In practice, we use either Equation 25.26 or Equation 25.27, depending on whether we suspect a deterministic trend in the series. In either case, the lag length $𝑝$ is selected based on information criteria. The econometric literature suggests that including too many lags is preferable to including too few. Therefore, it is recommended to use the AIC rather than the BIC when estimating $p$ for the ADF statistic. In conducting the test, we cannot resort to the critical values obtained from the standard normal distribution even in large samples. The reason is that under $H_0$, the augmented Dickey-Fuller statistic is not normally distributed. See Chapter 16 in Hansen (2022) for the distribution of the the Dickey-Fuller test. We need to resort to simulation methods to determine the critical values from the finite sample distribution of the t-statistic.
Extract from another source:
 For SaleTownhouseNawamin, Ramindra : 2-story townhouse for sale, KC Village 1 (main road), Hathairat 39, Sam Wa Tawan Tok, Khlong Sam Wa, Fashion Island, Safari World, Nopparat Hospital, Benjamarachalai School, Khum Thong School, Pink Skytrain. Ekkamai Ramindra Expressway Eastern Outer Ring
Since the null distribution of the Dickey-Fuller test is not standard normal, even in large samples, the critical values must be obtained through simulation methods. To this end, we can use statsmodels.tsa.stattools.adfuller() to implement the test and tabulate the critical values using a simulation study. In the following example, we simulate a random walk process and estimate the ADF statistic. We repeat this simulation 1,000 times for each model and calculate the critical values at the 1%, 5%, and 10% significance levels. The simulation results are presented in Table 25.12. The histograms of the ADF statistics are shown in Figure 25.18. Note that these critical values are obtained from the finite sample distribution of the ADF statistic. They are substantially different from the critical values obtained from the standard normal distribution.

# Function to simulate a random walk
def simulate_random_walk(n):
    # Generate random walk with intercept
    x = []
    e = np.random.normal(0, 1, n)
    for i in range(n):
        if i == 0:
            x.append(e[i])
        else:
            x.append(x[i-1] + e[i])
    return x


# Function to perform the ADF test and extract the test statistic
def adf_statistic(series, max_lag=1, trend_type='c'):
    """Perform the ADF test and return the test statistic."""
    result = stt.adfuller(series, maxlag=max_lag, regression=trend_type, autolag='AIC')
    return result[0]  # Return the test statistic

# Parameters for simulation
n_simulations = 1000  # Number of simulations
n = 100  # Length of the time series

# Simulation for the intercept only model
adf_stats_intercept_only = []
for i in range(n_simulations):
    series = simulate_random_walk(n)
    adf_stat = adf_statistic(series, trend_type='c')  # 'c' stands for constant (intercept only)
    adf_stats_intercept_only.append(adf_stat)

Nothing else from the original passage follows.